Data extract:

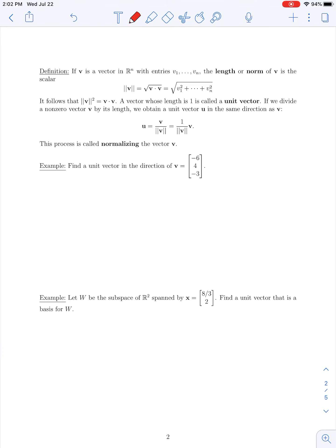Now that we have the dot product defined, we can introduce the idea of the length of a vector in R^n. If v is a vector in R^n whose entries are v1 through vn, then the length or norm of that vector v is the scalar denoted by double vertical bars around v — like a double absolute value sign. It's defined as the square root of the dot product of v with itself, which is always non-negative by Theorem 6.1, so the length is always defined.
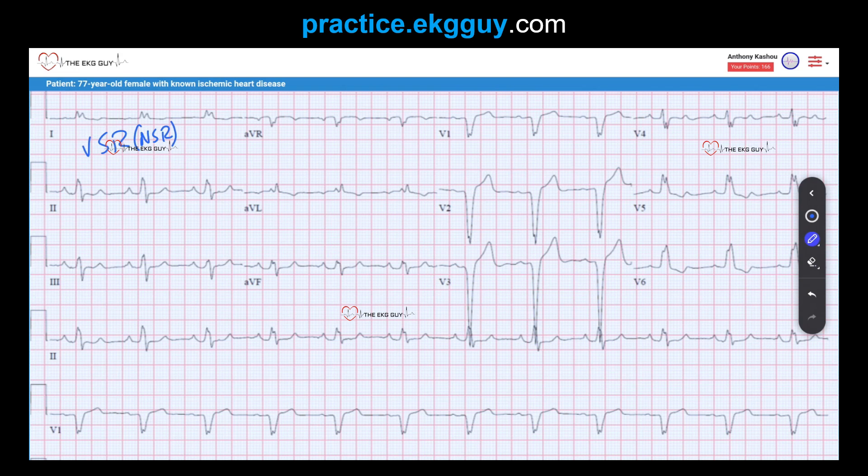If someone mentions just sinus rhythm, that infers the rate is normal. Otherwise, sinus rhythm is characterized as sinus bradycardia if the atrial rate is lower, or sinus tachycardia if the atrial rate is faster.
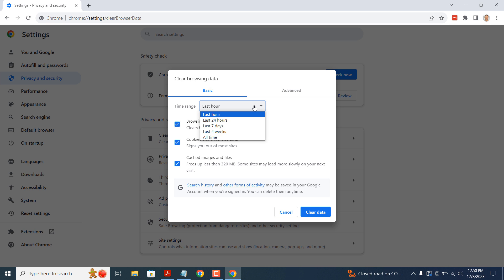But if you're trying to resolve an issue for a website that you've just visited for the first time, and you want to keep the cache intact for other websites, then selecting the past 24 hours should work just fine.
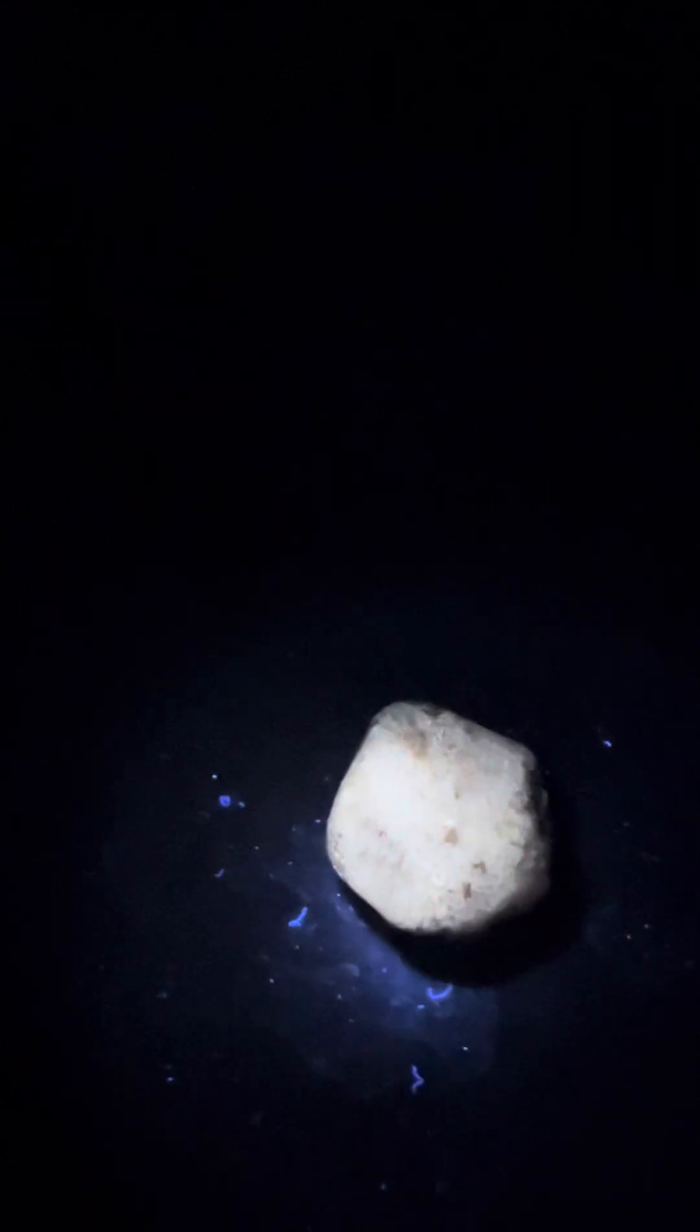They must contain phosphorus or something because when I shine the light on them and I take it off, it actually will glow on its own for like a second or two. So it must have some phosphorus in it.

Task brief:
Take the line containing "But if you're" through the last line of the material and retype exactly those lines, both ends included, with no pictures.

Solution to this problem:
But if you're trying to resolve an issue for a website that you've just visited for the first time, and you want to keep the cache intact for other websites, then selecting the past 24 hours should work just fine.
They must contain phosphorus or something because when I shine the light on them and I take it off, it actually will glow on its own for like a second or two. So it must have some phosphorus in it.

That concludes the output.